» What needs to be done: Pictures are not part of the copy; retype all the records below exactly.

» Short text fragments from websites:
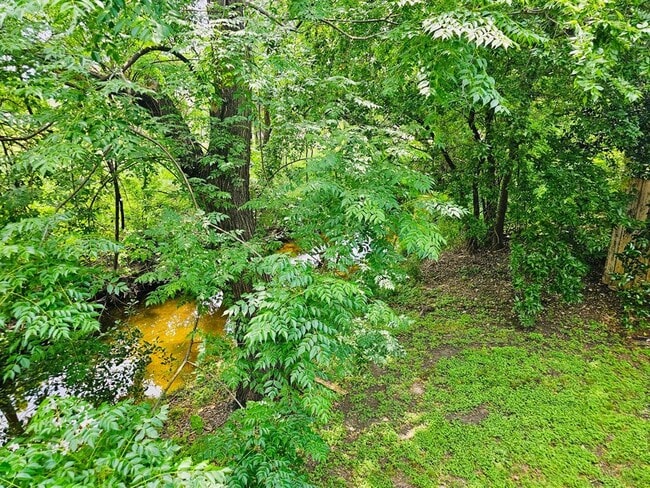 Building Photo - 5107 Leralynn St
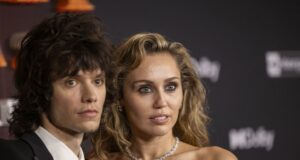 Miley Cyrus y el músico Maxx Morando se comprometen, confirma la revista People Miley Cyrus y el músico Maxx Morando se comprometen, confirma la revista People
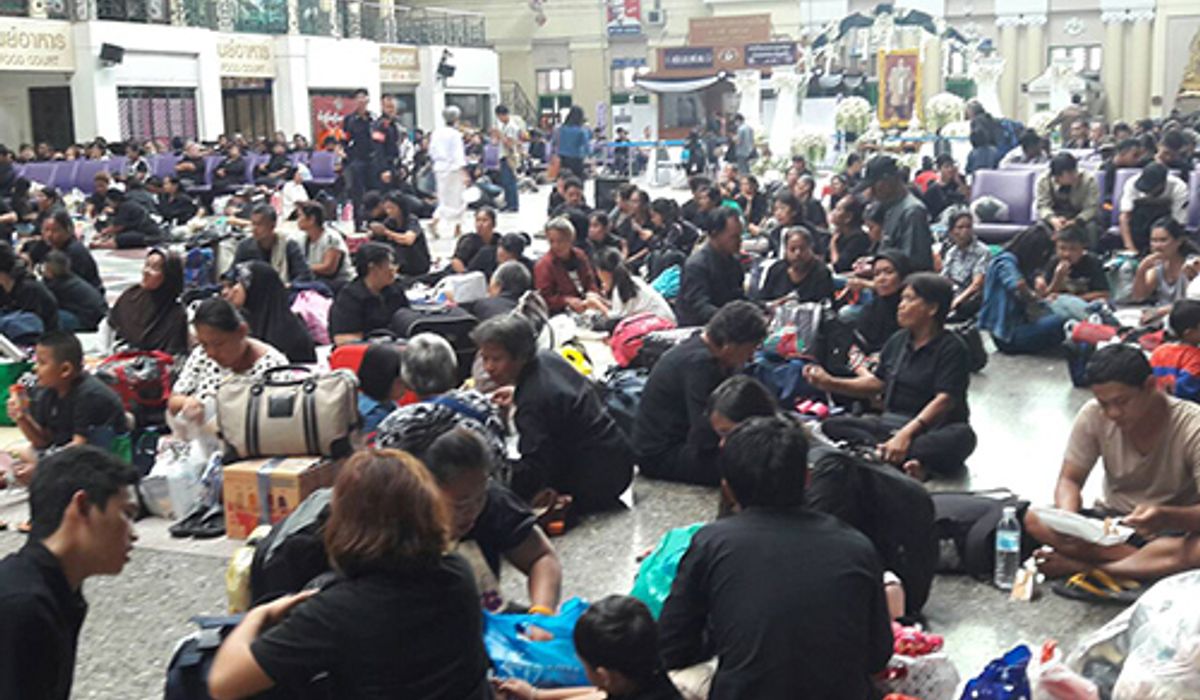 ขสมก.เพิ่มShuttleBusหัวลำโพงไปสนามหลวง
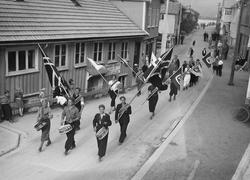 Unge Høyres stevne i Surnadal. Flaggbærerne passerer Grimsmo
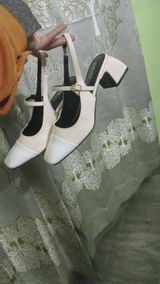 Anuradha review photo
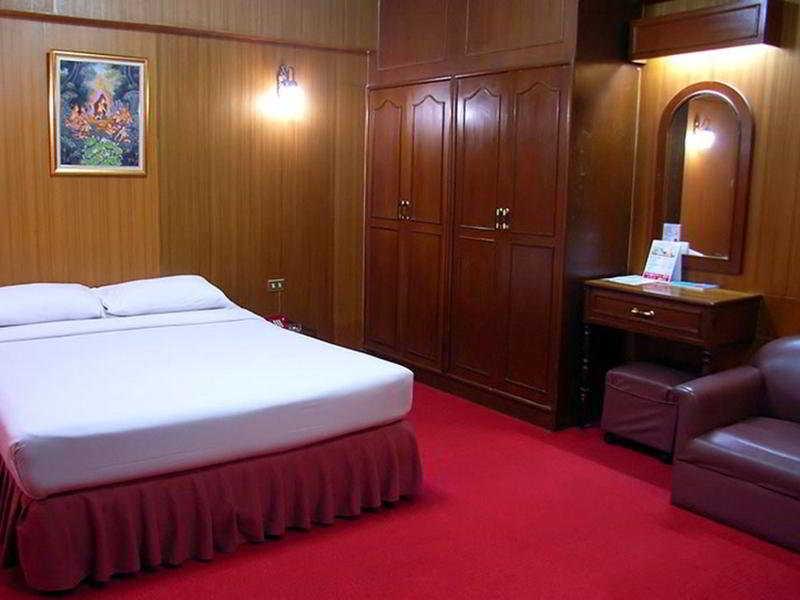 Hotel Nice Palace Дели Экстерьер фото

» Exercise result:
 Building Photo - 5107 Leralynn St
 Miley Cyrus y el músico Maxx Morando se comprometen, confirma la revista People Miley Cyrus y el músico Maxx Morando se comprometen, confirma la revista People
 ขสมก.เพิ่มShuttleBusหัวลำโพงไปสนามหลวง
 Unge Høyres stevne i Surnadal. Flaggbærerne passerer Grimsmo
 Anuradha review photo
 Hotel Nice Palace Дели Экстерьер фото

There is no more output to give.